There was one, a gaunt, white-faced young man, who looked ghostly as in the dim gas-light as he flitted in, "all in white," but he flitted no further than the next to mine; and, having taken possession, he observed to the Wardsman, “I say, if you wus to bring me summat to split in I shouldn't be making a mess on your floor all night.”

"This was promising for me as I don't think I have mentioned that the little bedsteads, though comfortable were not more than about twenty inches apart, and this was to be my close neighbour all through the long night! But, Providence be praised, it was not to be. I'll try and find you an old tin-pot," said the wardsman in response to the other's application, and when he presently brought it he made a discovery. You are in the wrong bed, young fellow," he remarked "Eleven is your number, and you are in.

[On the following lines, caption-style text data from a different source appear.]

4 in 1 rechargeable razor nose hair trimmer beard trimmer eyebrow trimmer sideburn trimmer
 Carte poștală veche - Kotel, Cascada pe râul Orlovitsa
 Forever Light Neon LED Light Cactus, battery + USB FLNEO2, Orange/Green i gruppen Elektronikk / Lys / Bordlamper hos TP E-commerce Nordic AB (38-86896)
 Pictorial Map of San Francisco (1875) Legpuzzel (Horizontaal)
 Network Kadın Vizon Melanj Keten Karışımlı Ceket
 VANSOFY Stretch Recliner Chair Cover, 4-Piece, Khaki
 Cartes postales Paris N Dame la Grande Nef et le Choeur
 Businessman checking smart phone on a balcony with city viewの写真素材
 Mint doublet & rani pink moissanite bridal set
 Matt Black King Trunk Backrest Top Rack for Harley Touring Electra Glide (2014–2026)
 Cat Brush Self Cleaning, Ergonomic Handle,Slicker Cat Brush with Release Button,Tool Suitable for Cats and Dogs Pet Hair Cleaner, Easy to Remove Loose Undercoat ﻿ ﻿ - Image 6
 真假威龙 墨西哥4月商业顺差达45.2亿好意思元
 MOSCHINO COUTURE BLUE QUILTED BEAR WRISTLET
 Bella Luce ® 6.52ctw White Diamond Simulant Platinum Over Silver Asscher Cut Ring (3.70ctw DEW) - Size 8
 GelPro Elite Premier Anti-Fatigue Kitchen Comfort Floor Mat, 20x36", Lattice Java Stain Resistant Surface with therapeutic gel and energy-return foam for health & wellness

No. 8." And he had to turn out and remove to next-door-but-one to me. But I did not on that account get off scot-free. All night long, as I lay awake or dozed, at least a dozen times I heard the chink of that tin-pot against the bedstead-rail, announcing a forthcoming fit of coughing that made one's own chest ache to listen to.

THE NOISES OF THE NIGHT.

As was to be expected of such company, coughs were by no means few or far between, and curiously "canine" they were in tone and quality. There was the short, sharp, yelp-like, the prolonged guttural, growl, and the bark emphatic that seemed to rise to the roof and make exit through the ventilator. I hardly know which were the most wearying and irritating, the coughers or the snorers, and should unhesitatingly say the former, but for a peculiarity distinguishing the latter. The individual of ruffian breed, accustomed to sleep anyhow and anywhere, contracts a habit, not so much of snoring in his sleep, as of snorting, the sound greatly resembling that made by a horse dissatisfied with the contents of its nose-bag, nor were those enumerated the only obstacles to peaceful repose. There were those of my chamber-mates who talked in their sleep. Not exactly talked, perhaps, but delivered themselves of startlingly loud end unintelligible ejaculations, attributable, may be, to mere ordinary nightmare, under the influence of which the most innocent person might have given utterance to, or afforded a Sherlock Holmes a clue to some dreadful crime the sleeping and conscience-disturbed villain last committed. There was one in occupancy in Bedstead-avenue just opposite to where I was lying, and who, as near as may be to the "witching hour" started bolt upright in bed to hoarsely give command. "Tighter, curse you! Tighter!" And then, probably with nothing murderous on his, mind, snorted and lay down again and was heard no more And meanwhile midnight tolled from a belfry close at hand, and after that the small hours of morning added up at snail's pace till five o'clock chimed, and half an hour after in came the same brusque official who had admitted me the night previous, and who imperatively commanded: "Now, then! Get up all of you, and come out here. Shirts off, and leave them on the bed."